Skip to Content
Get StartedIntroduction

What is hty?

hty gives AI agents, scripts, and CI pipelines a way to use interactive terminal programs — without a human at the keyboard. You start a named session, read the rendered screen, send keystrokes, and wait for specific conditions before moving on. A persistent background server keeps sessions alive across individual commands, so multiple tools can observe or drive the same session at the same time.

Key capabilities

  • Named sessions — Every program runs inside a named session managed by a persistent server. Sessions outlive individual hty invocations, so scripts can pick up where they left off.
  • Live observation — Use hty watch to observe any session’s rendered screen in real time from a second terminal — read-only, with no interference.
  • Wait primitives — Block until specific text appears on screen, the session goes idle, or the process exits. Every wait has a configurable timeout and returns a meaningful exit code.
  • Session replay — Every session is logged to an append-only JSONL file. Use hty replay to re-watch any session long after it has ended — with no side effects.

What you can do with hty

hty works with any program that runs in a terminal. Common use cases include:

  • Automate vim to open a file, make edits in insert mode, and save with :wq
  • Drive git add -p to stage specific hunks non-interactively from an AI agent
  • Run psql or any other database REPL and read query output from the rendered screen
  • Watch btop or top and capture resource metrics at a point in time
  • Complete interactive setup wizards like create-next-app or gh auth login
  • Test TUI applications end-to-end in CI without a real display
  • Observe a long-running process from a second terminal while automation drives it

How it works

From your perspective, hty has four moving parts:

  • Persistent server — the server auto-starts the first time you run any hty command and keeps running in the background. You never manage it manually. It owns all session state.
  • Named sessions — each session is identified by a name you choose (or a UUID prefix).

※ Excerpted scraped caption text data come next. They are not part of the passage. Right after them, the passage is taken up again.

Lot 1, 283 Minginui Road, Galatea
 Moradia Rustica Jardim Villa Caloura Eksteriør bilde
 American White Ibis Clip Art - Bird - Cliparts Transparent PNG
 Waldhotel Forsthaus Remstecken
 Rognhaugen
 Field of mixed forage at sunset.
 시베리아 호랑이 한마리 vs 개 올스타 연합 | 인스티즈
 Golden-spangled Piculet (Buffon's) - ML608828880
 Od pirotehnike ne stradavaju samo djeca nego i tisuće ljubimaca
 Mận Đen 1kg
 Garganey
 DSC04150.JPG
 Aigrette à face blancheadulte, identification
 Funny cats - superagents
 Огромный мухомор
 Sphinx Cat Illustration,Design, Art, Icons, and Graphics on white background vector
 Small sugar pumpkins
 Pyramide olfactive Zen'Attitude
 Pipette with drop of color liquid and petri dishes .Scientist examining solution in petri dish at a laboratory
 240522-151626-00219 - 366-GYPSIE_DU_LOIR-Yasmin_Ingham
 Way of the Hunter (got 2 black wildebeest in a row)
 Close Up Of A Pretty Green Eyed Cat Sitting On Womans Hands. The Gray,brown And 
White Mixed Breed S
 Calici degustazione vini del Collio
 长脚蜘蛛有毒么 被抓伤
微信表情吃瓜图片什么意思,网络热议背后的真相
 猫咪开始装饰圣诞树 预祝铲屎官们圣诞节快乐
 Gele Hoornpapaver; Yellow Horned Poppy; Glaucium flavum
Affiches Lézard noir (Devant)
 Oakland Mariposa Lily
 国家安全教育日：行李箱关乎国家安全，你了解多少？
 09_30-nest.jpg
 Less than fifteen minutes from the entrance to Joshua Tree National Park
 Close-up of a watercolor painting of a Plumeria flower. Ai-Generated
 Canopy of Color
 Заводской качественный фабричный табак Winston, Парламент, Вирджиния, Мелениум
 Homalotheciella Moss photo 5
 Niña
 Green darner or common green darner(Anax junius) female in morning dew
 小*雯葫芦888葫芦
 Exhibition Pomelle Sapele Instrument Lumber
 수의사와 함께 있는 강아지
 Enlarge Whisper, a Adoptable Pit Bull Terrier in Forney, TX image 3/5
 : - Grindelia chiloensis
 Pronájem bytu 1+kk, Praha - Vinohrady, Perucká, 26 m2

Sessions are isolated PTYs managed by the server.
  • Unix socket — every hty client command talks to the server over a Unix domain socket at a well-known path. You can override the socket path with $HTY_SOCKET to reach a server on a remote machine over an SSH tunnel.
  • JSONL event logs — every session is recorded to an append-only JSONL log file on disk. hty logs streams raw events; hty replay feeds them back through an in-memory VT engine so you can re-watch exactly what happened.

The VT engine is powered by Ghostty ’s terminal emulator, which means hty accurately handles color, cursor position, wide characters, and all the escape sequences real TUI programs emit.

hty is currently in beta. The core surface is fully shipped: persistent server, named sessions, live observers (hty watch), interactive multi-writer attach (hty attach), append-only session event logs with hty logs and hty replay, wait primitives, explicit session lifecycle (hty kill / hty delete), and remote observation via $HTY_SOCKET and SSH tunnels.